And in the meantime, the industry was changing, in ways that Clifford did not like.

Early in the relationship he could buy a Dodge for $1,200 from the factory and sell it for $1,800.

By the mid-’70s, that was no longer the case.

“The profit margins tightened up, and the quality of the car was terrible,” said Tuthill.

Chrysler, like its other national competitors, began putting increasing pressure on its dealers to take more cars, and turn them over more quickly.

“You had more pressure to sell because you had more money sitting in the lot that you’re paying interest on,” said Jim Flanagan, who said he and Clifford would often commiserate about the interference of the factory.

“He would grumble about it,” Flanagan said. “They want you to do this. They want you to do that.”

The new requirements led to more paperwork, more cars on the lots, more levels of bureaucracy, and less room for Clifford to operate. In the end, the man who’d pushed for progress his entire life was overtaken by the progress of the industry.

“Corporations, they’re used to going big, push push push,” Flanagan said. “You kind of lose your, if you subscribe to it, you lose your identity at some point. That takes the folksiness out of it, I guess.”

Clifford chafed under the requirements. He put on weight. He worried about tying his fortunes to a company that was, at times, under a clear financial strain.

Once, he refused to take a shipment of cars that the company was trying to dump on him just before releasing the next year’s more desirable models. Finally, Clifford and Chrysler clashed over a financial dispute that, according to Tuthill, had to do with whether Clifford could use credit owed to him by the company to pay for new cars coming to the lot.

Clifford gathered his workforce around him — all farmers, friends, and people he had grown up with.

“He told everyone, ‘You have a paycheck until you get another job. But I’m closing the franchise,” said Tuthill.

After Clifford sold the garage in 1980, the new ownership butted heads with Clifford’s old workforce. Longley felt the company had lost its respect for the experienced staff.

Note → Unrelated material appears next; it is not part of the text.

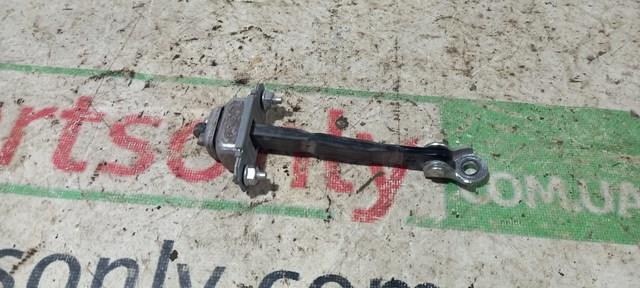 Обмежувач відкриття дверей, задній 62124AJ010 SUBARU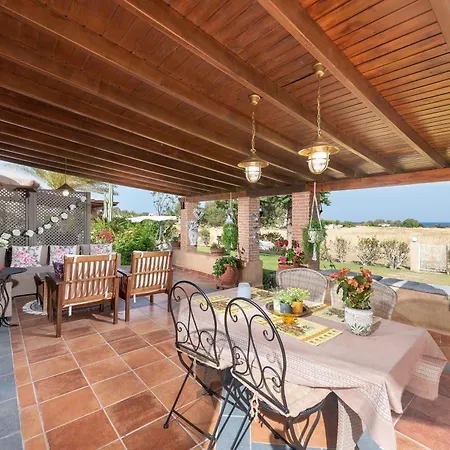 בית נופש Aelia Sea View גנאדי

“I drove my rig down and loaded up my toolbox,” he said. “Almost all of them left. I don’t think there was hardly anyone that stayed.”

Stender left too, after 23 years with the garage.

“If Erwin was still there, I’d probably still be there, too,” he said.

Without Clifford at the helm, the garage soon went out of business.

Though he lacked the garage, Clifford had connections, and he had the knack for buying and selling used vehicles, so he kept on into his late 80s.

Ryan Scelza, who became close to Clifford in his later years, said the car business was never just a job.

“It’s who he was,” Scelza said. “Even in his nineties, he could remember who he sold what car and for how much.”

Scelza said Clifford’s impact was huge, going well beyond his hundreds of employees, and thousands of customers.

“Pomfret and West Hartford were much different places 30 to 50 years ago,” he said. “And Erwin was in the very middle of it all.”

Scelza said that, just months before his death in September at the age of 94, Clifford could still be seen mowing his lawn, and those who stopped to talk with him were sure to hear about his time at the garage.

“He certainly kept many fond memories about that time in his life, but more importantly,” Scelza said, “the people he had surrounded himself with. He truly cared.”